# Plan: FAQ Expansion

Date: 2026-03-03
Status: IMPLEMENTED

---

## Overview

This plan proposed expanding the FAQ (`docs/FAQ.md`) with additional questions
that users of pg_trickle are likely to ask. The original FAQ covered 63 questions
across 13 sections. After implementation, the FAQ now contains **158 questions**
across **24 sections** (~2066 lines).

**All 94 proposed questions have been implemented** (78 net-new + 16 overlapping
entries expanded/cross-linked within existing sections).

### Priority Key

| Priority | Meaning |
|----------|---------|
| **P1** | Must-have — core concepts every user needs |
| **P2** | Should-have — common operational questions |
| **P3** | Nice-to-have — advanced topics and edge cases |

### Cross-Reference: Existing FAQ Sections

The current FAQ already covers these sections (do NOT duplicate):

- General (5 questions)
- Installation & Setup (4 questions)
- Creating & Managing Stream Tables (10 questions)
- SQL Support (4 questions)
- Change Data Capture (7 questions)
- Performance & Tuning (5 questions)
- Interoperability (8 questions)
- Monitoring & Alerting (3 questions)
- Configuration Reference (GUC table)
- Troubleshooting (6 questions)
- Why Are These SQL Features Not Supported? (10 questions)
- Why Are These Stream Table Operations Restricted? (8 questions)

---

## Proposed New Questions

### 1. Getting Started / Conceptual

Questions that help users build an accurate mental model of how pg_trickle
works before they write any SQL.

| ID | Priority | Question |
|----|----------|----------|
| GS-01 | P1 | What is incremental view maintenance (IVM) and why does it matter? |
| GS-02 | P1 | What is the difference between a stream table and a regular materialized view, in practice? |
| GS-03 | P1 | What happens behind the scenes when I INSERT a row into a table tracked by a stream table? |
| GS-04 | P1 | What does "differential" mean in the context of pg_trickle? |
| GS-05 | P2 | What is a frontier, and why does pg_trickle track LSNs? |
| GS-06 | P2 | What is the `__pgt_row_id` column and why does it appear in my stream tables? |
| GS-07 | P2 | What is the auto-rewrite pipeline and how does it affect my queries? |
| GS-08 | P3 | How does pg_trickle compare to DBSP (the academic framework)? |
| GS-09 | P3 | How does pg_trickle compare to pg_ivm? |

### 2. Data Freshness & Consistency

The #1 conceptual hurdle for users coming from synchronous materialized views.

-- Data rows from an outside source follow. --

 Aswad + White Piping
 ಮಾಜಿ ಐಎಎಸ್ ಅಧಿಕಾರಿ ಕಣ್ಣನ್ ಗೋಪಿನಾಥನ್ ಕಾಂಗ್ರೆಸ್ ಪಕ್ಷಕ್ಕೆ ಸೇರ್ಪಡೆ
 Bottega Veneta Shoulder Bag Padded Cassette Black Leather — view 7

| ID | Priority | Question |
|----|----------|----------|
| DC-01 | P1 | How stale can a stream table be? |
| DC-02 | P1 | Can I read my own writes immediately after an INSERT? |
| DC-03 | P1 | What consistency guarantees does pg_trickle provide? |
| DC-04 | P2 | What are "Delayed View Semantics" (DVS)? |
| DC-05 | P2 | What happens if the scheduler is behind — does data get lost? |
| DC-06 | P3 | How does pg_trickle ensure deltas are applied in the right order across cascading stream tables? |

### 3. IMMEDIATE Mode (Transactional IVM)

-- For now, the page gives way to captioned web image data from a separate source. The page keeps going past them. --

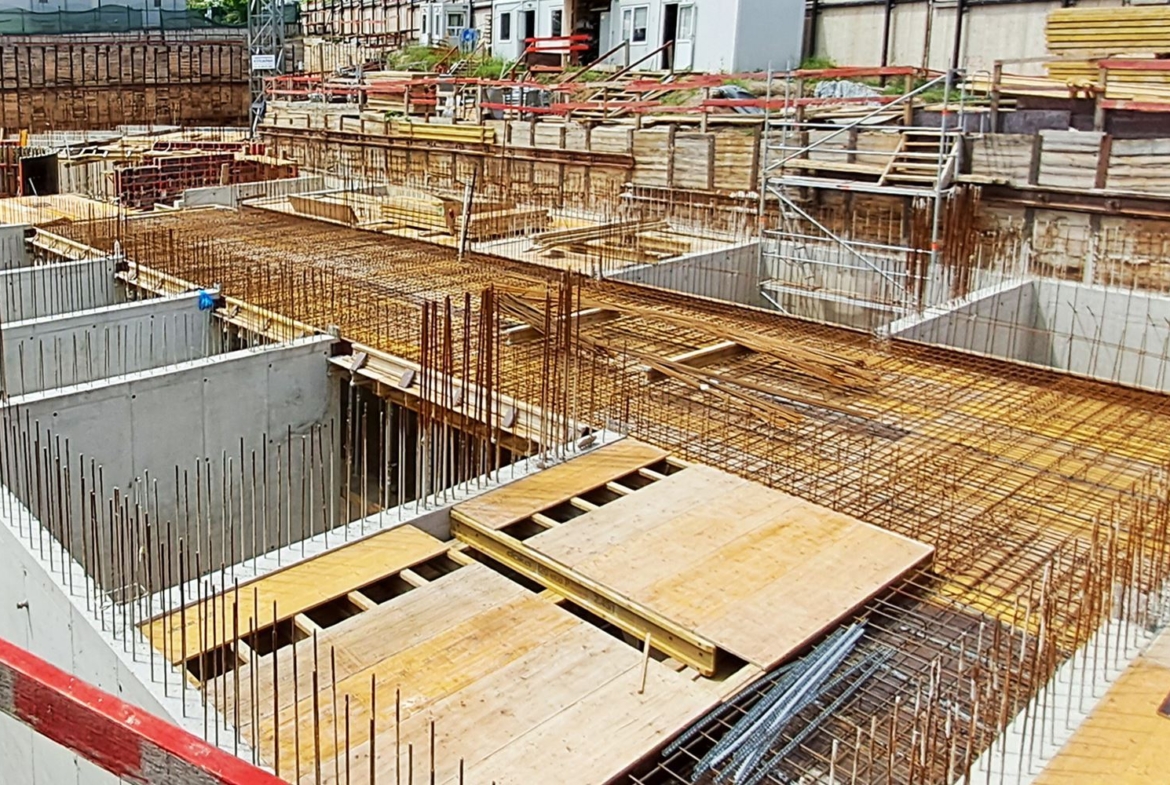 3-СТАЕН АПАРТАМЕНТ 112 М² ДО МЕТРОСТАНЦИЯ МИЗИЯ - 0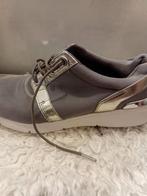 Grijze Michael Kors gympen, Ophalen of Verzenden, Zo goed als nieuw, Grijs, Sneakers of Gympen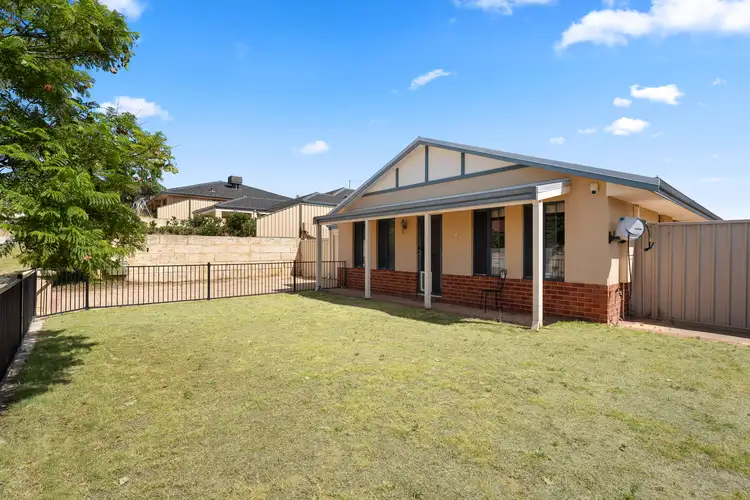 Third view of Homely house listing, 6 Madge Way, Leda WA 6170
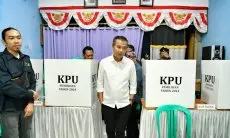 Bey Machmudin Apresiasi Kesiapan TPS 25 Sukabungah Kota Bandung 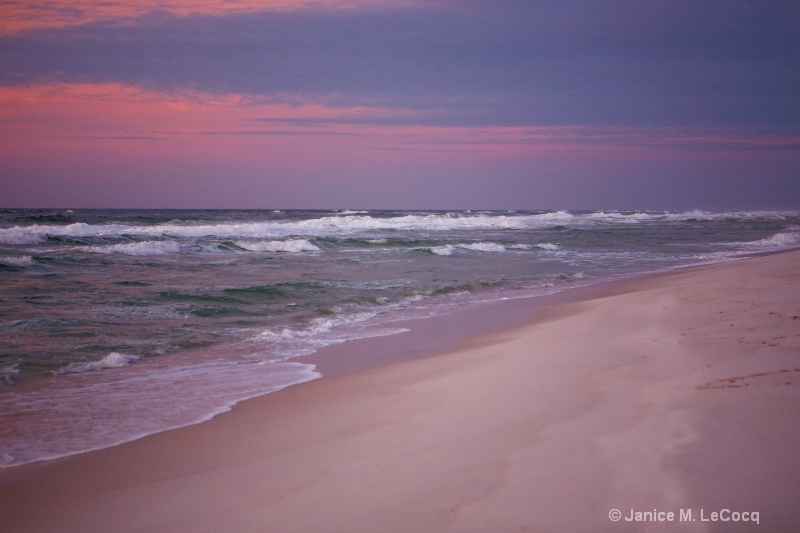 Pensacola Beach Sunrise - ID: 9631553 © Janice M. LeCocq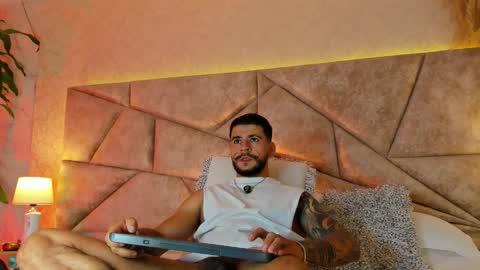 Snapshot of dickgriffith chatting on September 11, 11:43 am Dick Griffith online show from September 11, 11:43 am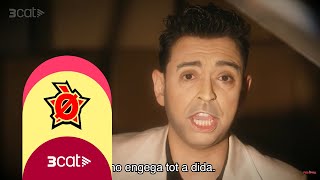 Xavi Hernández canta quotAcrósticoquot de Shakira  Polònia [upl. by Norbie]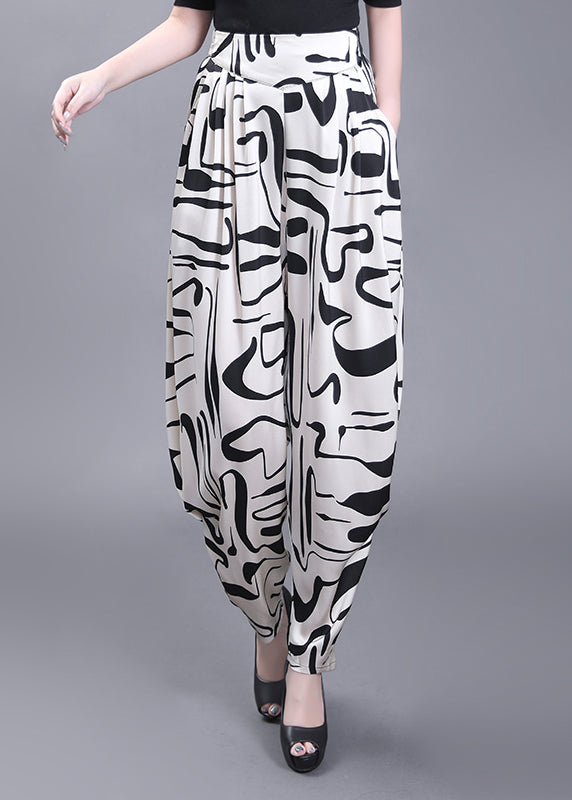 Effortlessly Elegant Pants with a Timeless Design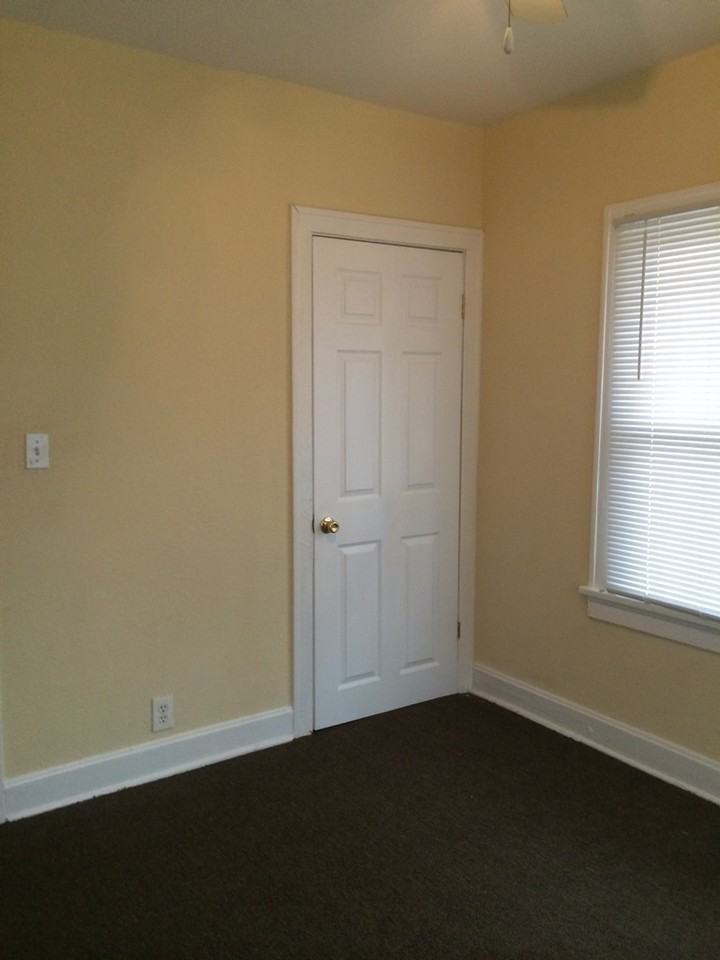 3824 E 67th Terrace - Photo 3 of 5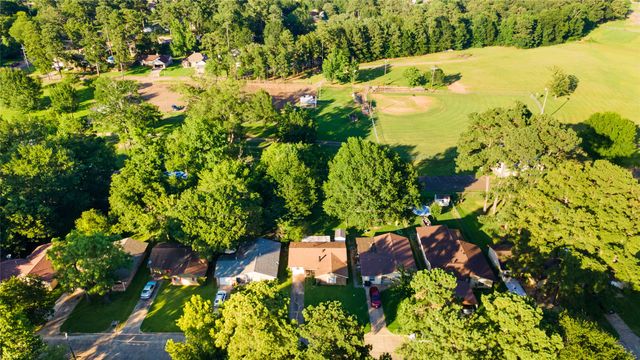 417 Carroll Avenue, Wake Village, TX 75501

This is a major v0.2.0 feature — users switching from pg_ivm need detailed
guidance.

| ID | Priority | Question |
|----|----------|----------|
| IM-01 | P1 | When should I use IMMEDIATE mode instead of DIFFERENTIAL? |
| IM-02 | P1 | What SQL features are NOT supported in IMMEDIATE mode? |
| IM-03 | P1 | What happens when I TRUNCATE a source table in IMMEDIATE mode? |
| IM-04 | P2 | Can I have cascading IMMEDIATE stream tables (ST A → ST B)? |
| IM-05 | P2 | What locking does IMMEDIATE mode use? |
| IM-06 | P2 | How do I switch an existing DIFFERENTIAL stream table to IMMEDIATE? |
| IM-07 | P2 | What happens to IMMEDIATE mode during a manual `refresh_stream_table()` call? |
| IM-08 | P3 | How much write-side overhead does IMMEDIATE mode add? |

### 4. CDC — Triggers vs. WAL

Users need to understand the trade-offs behind the hybrid CDC model.

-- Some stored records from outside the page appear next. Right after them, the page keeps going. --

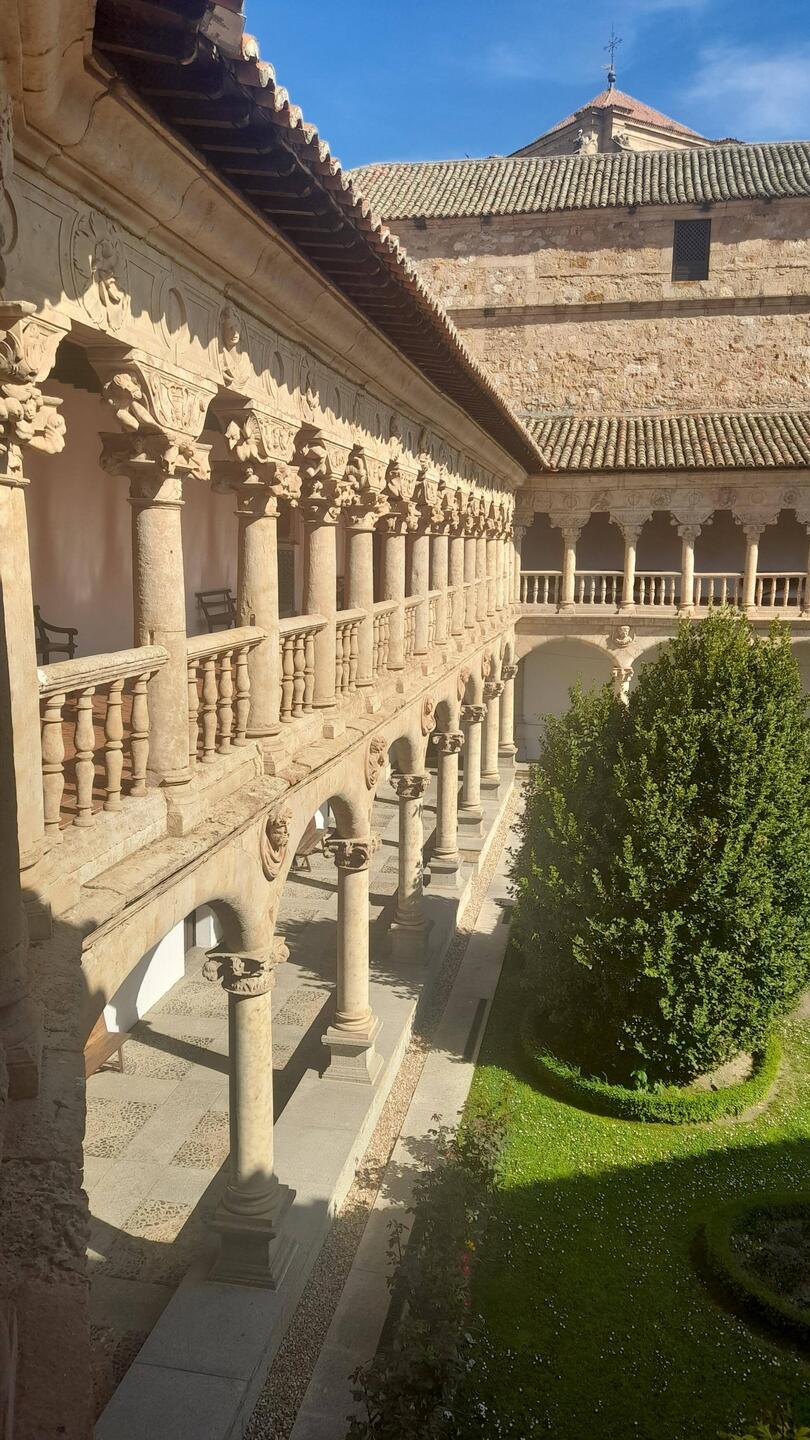 Claustro del Convento de las Dueñas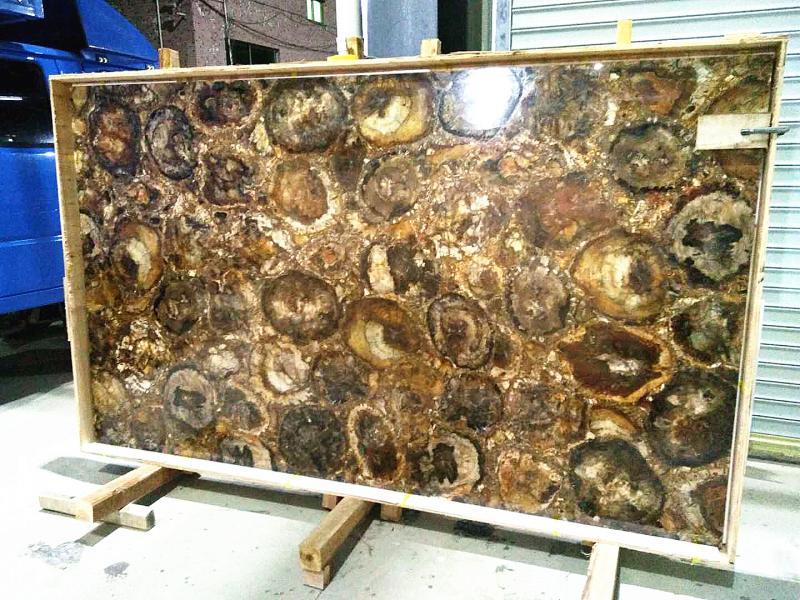 Encimeras de losa de piedras semipreciosas de mármol con textura de madera petrificada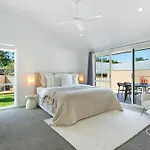 Family Retreat In Burleigh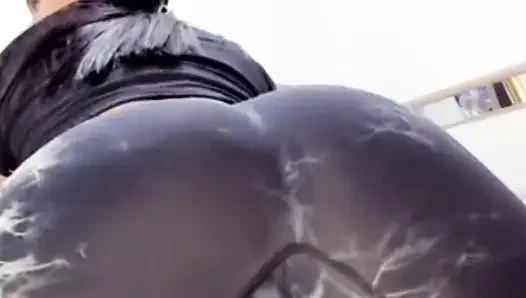Mein riesenarsch in sehr kleinen shorts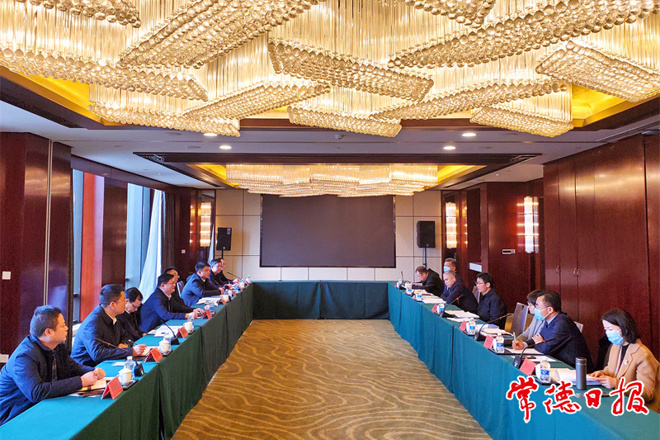 曹志强与省第九批援藏工作队一行交流座谈　一如既往支持援藏工作 共同努力推动隆子县经济社会发展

| ID | Priority | Question |
|----|----------|----------|
| CDC-01 | P1 | Why does pg_trickle default to triggers instead of logical replication? |
| CDC-02 | P1 | What is the write-side overhead of CDC triggers? |
| CDC-03 | P2 | How does the trigger-to-WAL automatic transition work? |
| CDC-04 | P2 | What happens to CDC if I restore a database backup? |
| CDC-05 | P2 | Do CDC triggers fire for rows inserted via logical replication (subscribers)? |
| CDC-06 | P3 | Can I inspect the change buffer tables directly? |
| CDC-07 | P3 | How does pg_trickle prevent its own refresh writes from re-triggering CDC? |

### 5. Aggregates & Group-By

Aggregate handling is complex and a common source of user confusion.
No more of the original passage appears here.